It was fortunate that they brought to their office as such the best of their qualities, and did not reserve these alone for the inspirations more accredited by tradition, so that occasional poetry, in the Victorian age, very often became great poetry. In reading the poetry of no other age do we so often feel that a poet of first-rate endowment has, as it were, been hunting about for a subject. Occasional poetry conceived and carried out in the great manner had hitherto been almost wholly confined to personal addresses of compliment or condolence, and fustian as these mostly were there had been very noble exceptions. But with the Victorians the occasions were unconfined, and any one of the poets might at any moment produce a memorable poem, as it seemed, upon something that might catch his eye in the morning paper. If, by way of illustration, we were to take the titles of a hundred of Donne’s poems and set them beside the titles of a hundred of Browning’s, we should find that in external range the one would be, as it were, a small green isle and the other a very archipelago. I need not labour the point that this does not at all suggest that Browning was a greater poet than Donne; it merely emphasises the fact that Browning’s age was far less concentrated in its poetic attentions than was Donne’s. The result of which was that Victorian poetry, with all its great central merits, all its loyal assertation of the eternal elements, acquired a certain scattered character, a certain disorder in bulk, that leaves the essential spirit of this age a little more than commonly difficult to come at.

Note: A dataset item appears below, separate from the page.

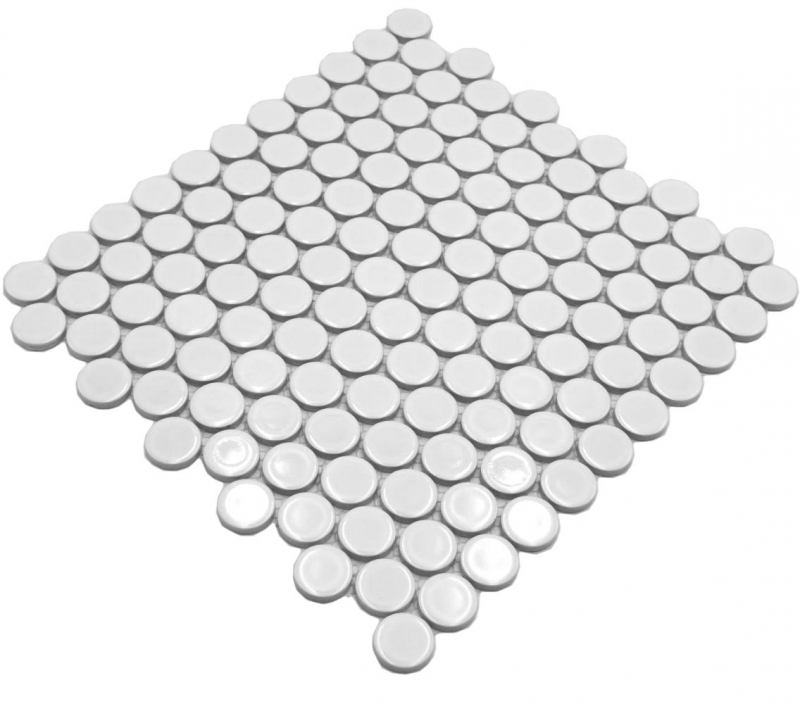 Mosaico ceramico Button Loop Penny Round uni bianco lucido MOS10-0102GR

A further result was that a good deal of Victorian work is of a lowered significance when set beside work of corresponding eminence in other ages. The moments of artistic surrender such as we find playing havoc with Tennyson’s poetry in such a passage as that given by Guinevere were not uncommon in the work of the age, though they often came in another and less disastrous aspect. The arbitrariness that so often governed—or left ungoverned—the Victorian choice of subject, could not but sometimes bring about a relation of something less than the highest imaginative urgency between the poet and the occasion of his verse. In the general run of poetic practice this did not necessarily mean an entire failure of the spirit nor a total absence of enchantment, but it did more often than not make the thing created seem to be less inevitably an addition to the riches of English poetry. A great deal of the work of so admirable a poet as Mrs. Browning, for example, is heavily marked by this condition. Setting aside her obvious but unimportant technical deficiencies, we find in reading one long piece of hers after another that it “hath all the good gifts of nature” except indisputable evidence of its original necessity. A poem such as An Island sparkles with tender and expressive imagery—
For all this island’s creature-full
(Kept happy not by halves),
Mild cows that at the vine-wreaths pull,
Then low back at their calves
With tender lowings, to approve
The warm mouths milking them for love.
Free gamesome horses, antelopes,
And harmless leaping leopards,
And buffaloes upon the slopes,
And sheep unruled by shepherds;
Hares, lizards, hedgehogs, badgers, mice,
Snakes, squirrels, frogs, and butterflies.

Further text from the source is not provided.